There are many different choices for a JVM for your Java application. Which would be the best to use? This depends on various factors. Performance being an important one. Solid performance research however is difficult. In this blog post I'll describe a setup I created to perform tests on different JVMs at the same time and show some interesting results! I also looked at the effect of resource isolation (assigning specific CPUs and memory to the process). This effect was negligible. My test application consisted of a reactive (non-blocking) Spring Boot REST application and I've used Prometheus to poll the JVMs and Grafana for visualization.

Below is an image of the used setup. Everything was running in Docker containers except SoapUI.

Isolated measures

How can you be sure there is not something interfering with your measures? Of course you can't be absolutely sure but you can try and isolate resources assigned to processes. For example assign a dedicated CPU and a fixed amount of memory. I also did several tests which put resource constraints on the load generating software, monitoring software and visualization software (assign different CPUs and memory to those resources). Assigning specific resources to the processes (using docker-compose v2 cpuset and memory parameters) did not seem to greatly influence the measures of individual process load and response times. I also compared startup, under load and without load situations. The findings did not change under different circumstances.

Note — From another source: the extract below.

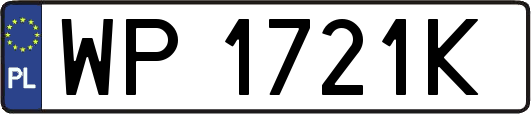 WP1721K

Assigning a specific CPU and memory to a process

Using docker-compose to configure a specific CPU for a process is challenging. The version 3 docker-compose format does not support assigning a specific CPU to a process. In addition, the version 3 format does not support assigning resource constraints at all when you use docker-compose to run it. This is because the people working on Docker appear to want to get rid of docker-compose (which is a separately maintained Python wrapper around Docker commands) in favor of docker stack deploy which uses Docker swarm and maybe Kubernetes in the future. You can imagine assigning a specific CPU in a potentially multi host environment is not trivial. Thus I migrated my docker-compose file back to version 2 format which does allow assigning specific CPUs to test this. The software to generate load and monitor the JVMs I assigned to specific CPUs not shared by the JVMs processing the load. I used the taskset command for this.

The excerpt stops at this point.